● WHAT IS REQUIRED
When you find the line with "Simple Chrome 3pcs" among the records below, reproduce it and each line after it exactly, ending with the line with "Dex Square Neck Blouse".

┄┄┄┄┄┄┄┄┄┄

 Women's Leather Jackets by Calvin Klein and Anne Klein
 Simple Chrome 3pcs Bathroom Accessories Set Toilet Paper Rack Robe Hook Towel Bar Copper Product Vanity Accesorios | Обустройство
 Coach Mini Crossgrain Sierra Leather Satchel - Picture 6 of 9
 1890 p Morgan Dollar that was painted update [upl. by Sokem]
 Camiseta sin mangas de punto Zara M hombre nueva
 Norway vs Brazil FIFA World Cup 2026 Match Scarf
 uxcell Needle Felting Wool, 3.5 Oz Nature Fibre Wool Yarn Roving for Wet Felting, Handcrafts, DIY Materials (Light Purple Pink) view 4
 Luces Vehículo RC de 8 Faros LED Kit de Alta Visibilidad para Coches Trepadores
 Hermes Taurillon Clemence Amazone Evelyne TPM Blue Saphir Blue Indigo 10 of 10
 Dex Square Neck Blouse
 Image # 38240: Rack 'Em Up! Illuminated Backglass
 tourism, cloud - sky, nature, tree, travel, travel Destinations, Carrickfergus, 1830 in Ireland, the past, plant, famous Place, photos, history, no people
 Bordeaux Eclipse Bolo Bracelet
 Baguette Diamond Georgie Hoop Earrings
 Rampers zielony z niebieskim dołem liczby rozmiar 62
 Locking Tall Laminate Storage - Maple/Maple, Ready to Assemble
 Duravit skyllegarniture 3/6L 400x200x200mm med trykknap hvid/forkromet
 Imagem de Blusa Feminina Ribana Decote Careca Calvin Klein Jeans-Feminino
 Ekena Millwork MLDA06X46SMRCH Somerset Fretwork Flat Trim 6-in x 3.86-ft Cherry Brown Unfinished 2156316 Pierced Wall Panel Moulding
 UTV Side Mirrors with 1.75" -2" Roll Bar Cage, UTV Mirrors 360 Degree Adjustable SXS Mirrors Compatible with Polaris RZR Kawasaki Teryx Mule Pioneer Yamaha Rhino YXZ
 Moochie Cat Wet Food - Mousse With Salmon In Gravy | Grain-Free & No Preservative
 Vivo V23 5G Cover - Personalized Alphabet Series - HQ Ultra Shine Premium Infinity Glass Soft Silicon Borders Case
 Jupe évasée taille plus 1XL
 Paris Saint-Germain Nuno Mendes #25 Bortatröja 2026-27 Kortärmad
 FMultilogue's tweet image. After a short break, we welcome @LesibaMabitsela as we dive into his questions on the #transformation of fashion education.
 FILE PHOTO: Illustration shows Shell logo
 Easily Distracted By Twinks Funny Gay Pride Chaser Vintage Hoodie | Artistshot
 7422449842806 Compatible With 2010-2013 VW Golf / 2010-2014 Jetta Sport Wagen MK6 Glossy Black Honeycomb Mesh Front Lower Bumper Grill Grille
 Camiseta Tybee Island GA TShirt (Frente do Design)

┄┄┄┄┄┄┄┄┄┄

● SOLUTION
 Simple Chrome 3pcs Bathroom Accessories Set Toilet Paper Rack Robe Hook Towel Bar Copper Product Vanity Accesorios | Обустройство
 Coach Mini Crossgrain Sierra Leather Satchel - Picture 6 of 9
 1890 p Morgan Dollar that was painted update [upl. by Sokem]
 Camiseta sin mangas de punto Zara M hombre nueva
 Norway vs Brazil FIFA World Cup 2026 Match Scarf
 uxcell Needle Felting Wool, 3.5 Oz Nature Fibre Wool Yarn Roving for Wet Felting, Handcrafts, DIY Materials (Light Purple Pink) view 4
 Luces Vehículo RC de 8 Faros LED Kit de Alta Visibilidad para Coches Trepadores
 Hermes Taurillon Clemence Amazone Evelyne TPM Blue Saphir Blue Indigo 10 of 10
 Dex Square Neck Blouse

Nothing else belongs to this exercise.